Article 2.6              Memorandum. Contemporaneously with the execution of this Agreement and from time to time during the term of this Agreement, the Parties will execute, acknowledge, deliver and record a “short form” memorandum of this Agreement in the form of Exhibit F attached hereto identifying the Dedicated Acreage and identifying the lands, leases and wells in which Seller and its Affiliates own Interests, which will be placed of record in each county within the Dedicated Acreage.

 

ARTICLE III
QUANTITY

 

Article 3.1              Nominations. Seller must provide Buyer written notice that Seller is prepared to flow Committed Gas at least ten (10) Business Days prior to Seller’s estimated date of initial flow, and will include in such notice Seller’s good faith estimate of Daily quantities (stated in both MMBtu and Mcf) of Committed Gas that will be available for sale to Buyer under this Agreement during the initial Month of deliveries. Each Month thereafter, at least ten (10) Business Days before the end of such Month, Seller must estimate the quantities of Committed Gas that will be available for sale to Buyer each Day during the next Month.

 

Article 3.2              Curtailment. Buyer will use reasonable efforts to provide timely notification to Seller by telephone, with subsequent e-mail notification, of the potential size and duration of any unscheduled capacity disruption.

 

Article 3.3              Objectionable Material.

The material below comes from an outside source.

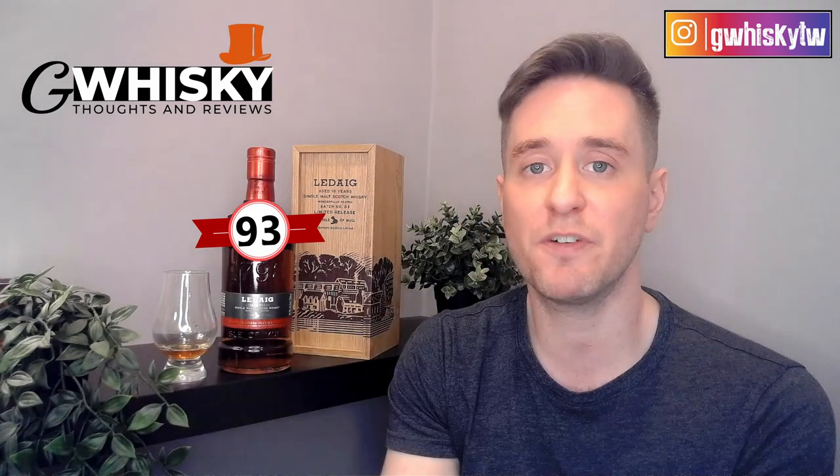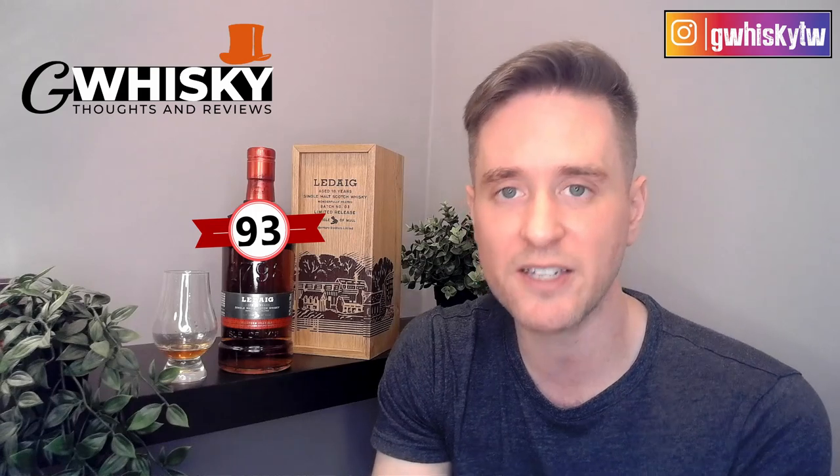That'll be it for me today guys — thank you very much for watching. Hit subscribe down below, click the little bell icon, and smash the like. Have you tried the Ledaig 18? Was it batch 3 or batch 4 — what were your thoughts? Let me know in the comments what you want to see me review next and I'll keep it in mind for my next video.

In order to ensure that the Gathering System is kept free of water, liquids and solids that could impede free flow of Gas, Buyer may collect or remove from the Gas in the Gathering System any water, liquids or solids which could accumulate in the Gathering System, and in that event Buyer will be responsible for disposal of and liable for the water, liquids and solids so collected and removed, and will own them. The quantities of Gas attributable to the water, liquids and solids so collected or removed from Gas will be retained by Buyer and are hereby conveyed and transferred to Buyer by Seller free and clear of all liens, encumbrances and Claims.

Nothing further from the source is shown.